## WHAT IS NEEDED:
Restate, word for word, the run of lines that starts at the line containing "HONEY JOY Kids" and ends with the final line of the listing. Leave pictures out.
Segment Start: RECORDS SHOWN
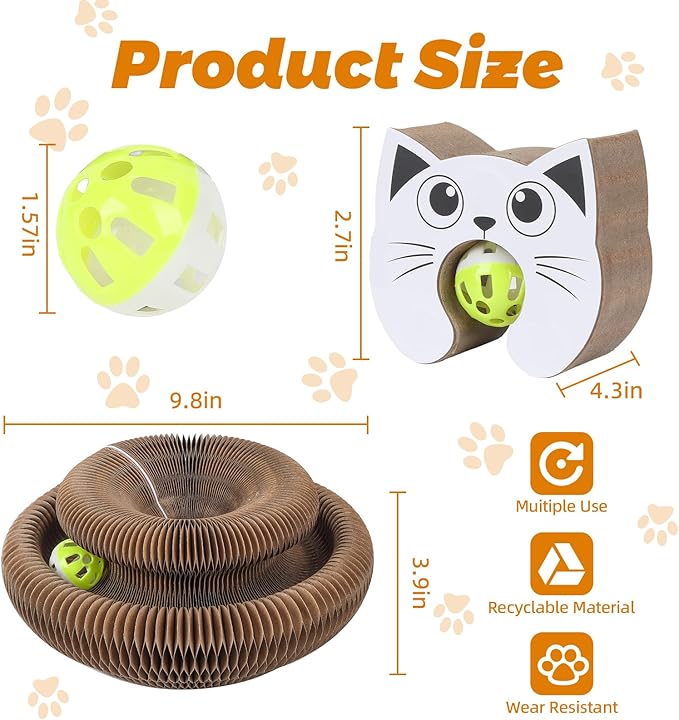 Magic Organ Cat Scratcher Toy,Accordion Cat Scratching Board with Ball, Foldable Interactive Funny Scratcher Pad for Indoor Cat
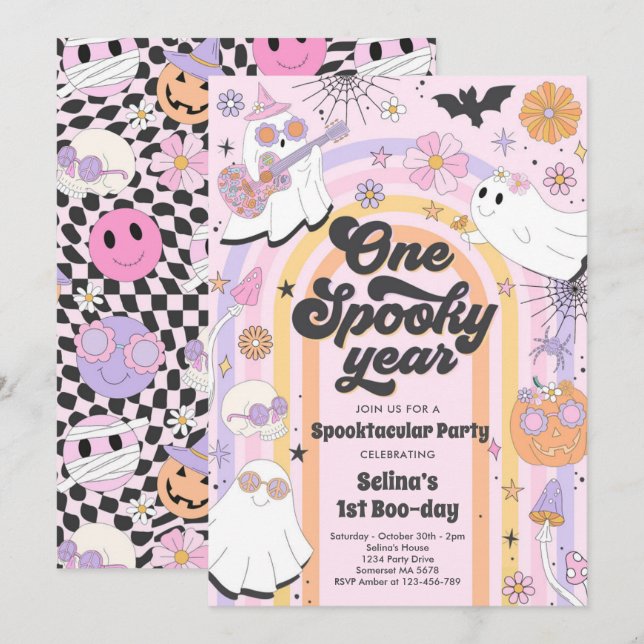 Invitation Halloween Super Cute Ghost 1er Anniversaire (Devant / Derrière)
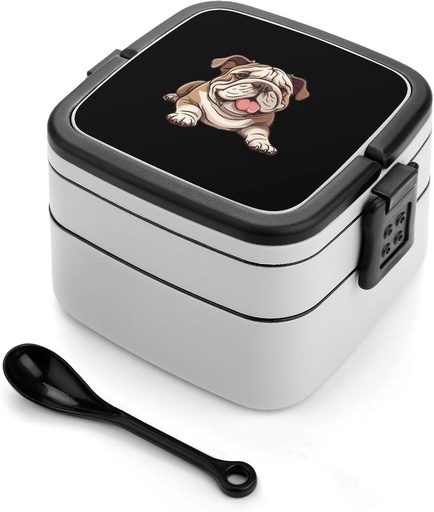 [BRSRAEDRPINRGCLO] Generic English Bulldog Double Layer Bento Box Portable Lunch Box Lunch Storag Container with Spoon
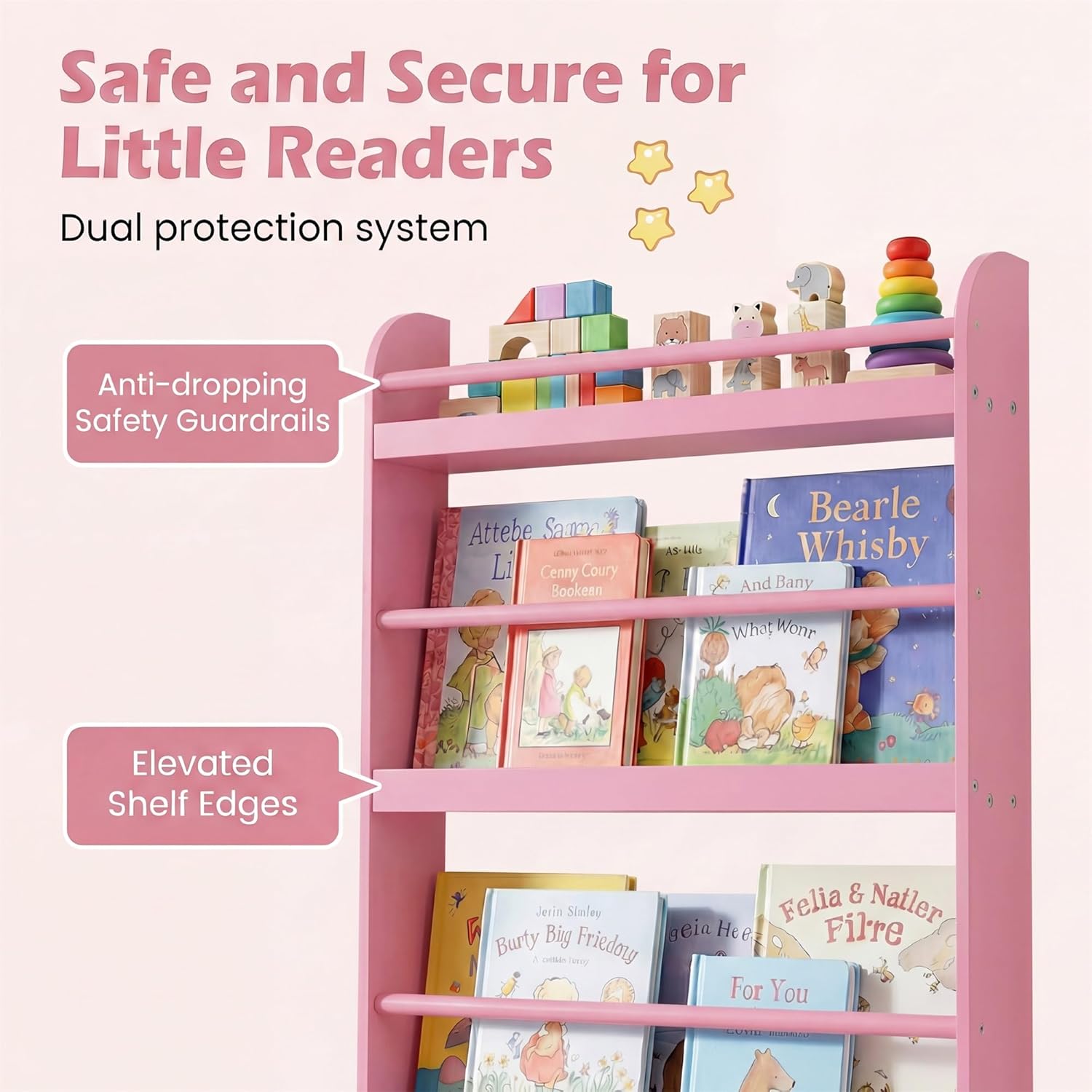 HONEY JOY Kids Bookshelf, Wall Mounted Shelf with Basswood Crossbar & Raised Edge, 4-Tier Bookshelf Organizer for Toys and Books, Space-Saving Wall Book Rack for Bedroom, Living Room, Nursery (Pink)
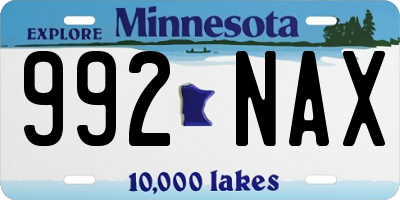 MN license plate 992NAX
Segment End: RECORDS SHOWN
## COMPLETED EXERCISE:
 HONEY JOY Kids Bookshelf, Wall Mounted Shelf with Basswood Crossbar & Raised Edge, 4-Tier Bookshelf Organizer for Toys and Books, Space-Saving Wall Book Rack for Bedroom, Living Room, Nursery (Pink)
 MN license plate 992NAX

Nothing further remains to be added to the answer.